Pyramid schemes: Would you pay someone so you can work for him?

What you need to know:

  • When one does the math of the money you have pumped into such a company and the cost of a holiday, I have no doubt the deficit is in one’s bank account.
  • Kenyans lost millions to pyramid schemes and then expected the government to compensate them for this losses. I have no doubt that there are some people who make money from multilevel marketing, but these companies are designed to profit from, not enrich, their workforces.

Some four years ago, someone tried selling me an idea known as "dream trips". Do you want to travel the world yes I do. Do you want to grow rich while having fun? Eeehhh! Maybe not, I said. What am I? A drug queen or what?

First forward, two bankers and a lawyer have tried to sell me the very same concept, which I now understand is called World Ventures. I gave one of the bankers my time talk about a wasted hour of my life to see if there was anything new in this particular scheme which is sold as a multilevel marketing business.

The first question I asked was, so what are you selling? Dream holidays. Now, from where I stand, no one can sell you a dream of any sort. Dreams belong to the infinite mind and anyone can dream. Hotels, travel agents and travel sites such as TripAdvisor, Expedia and others will sell you a holiday without any enrolment.

So my question was, why would I want to buy a holiday my dreams belong to me and no one can purport to sell me a dream from World Ventures?

MONEY FOR NOTHING

This is an exclusive members club and the holidays are at such discounted prices that you get a refund should you be able to find a cheaper holiday within seven days of booking with World Ventures. At that point I was still listening, but then I was sipping alcohol.

So when can I sign up for my first "dream" holiday? I asked. You have to be a member of the club, which requires you to pay $199. So where do I get to go for the equivalent of Sh20,000?

Nowhere! So at what time does this "dream" become a holiday? You need to pay monthly fees of $54, or enrol members to get a waiver on the monthly fee.

I decided that taking a gulp of alcohol was a better way to pass the time than asking any question. Meanwhile, the person went on frantically flipping through pictures of exotic-looking holiday destinations on an iPad and talking rapidly. To be able to enrol members you need to sign up as a representative of the company at $100.

I was trying not to laugh out loud. Not because I do not appreciate that multilevel marketing is the legally sanctioned cousin of pyramid schemes, but because here was someone asking the equivalent of Sh37,000 to sell me nothing.

DEFICIT IN YOUR ACCOUNT

In fact, for this amount, they expected me to work for them, by recruiting another four members (I cannot for the love of Pete think of where I can find four fools to part with Sh37,000). It is the only way I would be exempt from paying the monthly fees.

If they remain active, that means they recruit people as well. My reply, I will not sell, even one dream, to anyone.
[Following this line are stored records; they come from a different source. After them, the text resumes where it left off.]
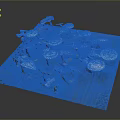 Various Colored Futuristic SciFi Models With Circular Platforms And Structures On Gray Base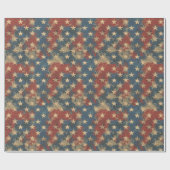 ヴィンテージ赤白青アメリカ国旗の星パターン ラッピングペーパー (フラット)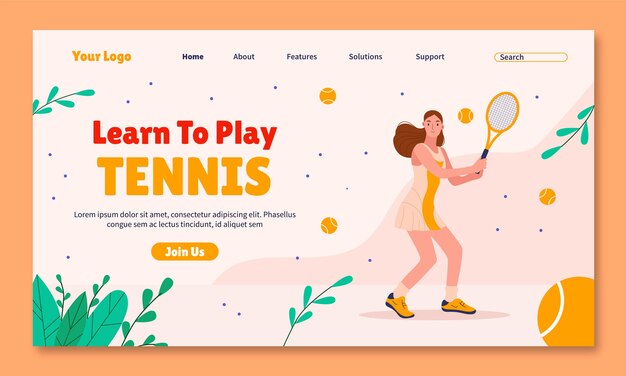 Tennis game horizontal landing page template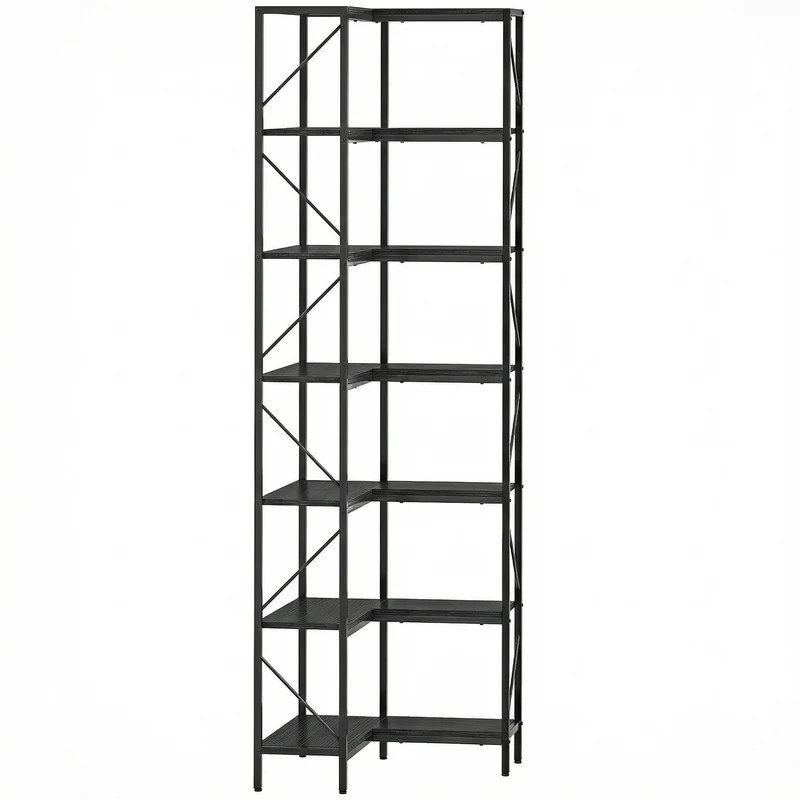 Libreria ad Angolo 60x60x198 cm a 7 Ripiani StileIndustriale Telaio in Metallo Effetto Legno Nero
I am barely done with my own dreaming.

But the person now had my attention. So I round up the equivalent of Sh185,000 for some company that sells dream holidays and I still do not have any holiday, just dreams. The person now started telling me that there are people making half a million a week from these venture.

Good for them, I thought. She then went on to open a chart of two pyramid-shaped hierarchies and some down line. My eyes were swimming I cannot be sure if it is from disbelief or from the drink.

When one does the math of the money you have pumped into such a company and the cost of a holiday, I have no doubt the deficit is in one’s bank account.

GREED OR GULLIBILITY?

World Ventures is a United States-based company. The Norwegian Gaming Board declared it a pyramid scheme because "revenues are from recruitment of members not sale of travel". World Ventures appealed this decision and lost.

Kenyans lost millions to pyramid schemes and then expected the government to compensate them for this losses. I have no doubt that there are some people who make money from multilevel marketing, but these companies are designed to profit from, not enrich, their workforces.

I have no idea why Kenyans expect to be millionaires from them. Are we that gullible, that greedy or that senseless?

I have no doubt that just like with the pyramid schemes, many Kenyans will enrol with World Ventures. According to an independent study by Jon Taylor, 99 per cent of World Ventures representatives lose money. For the one per cent that make money, congratulations. As for me and mine, "we cannot be there" because we are exactly where we planned to be.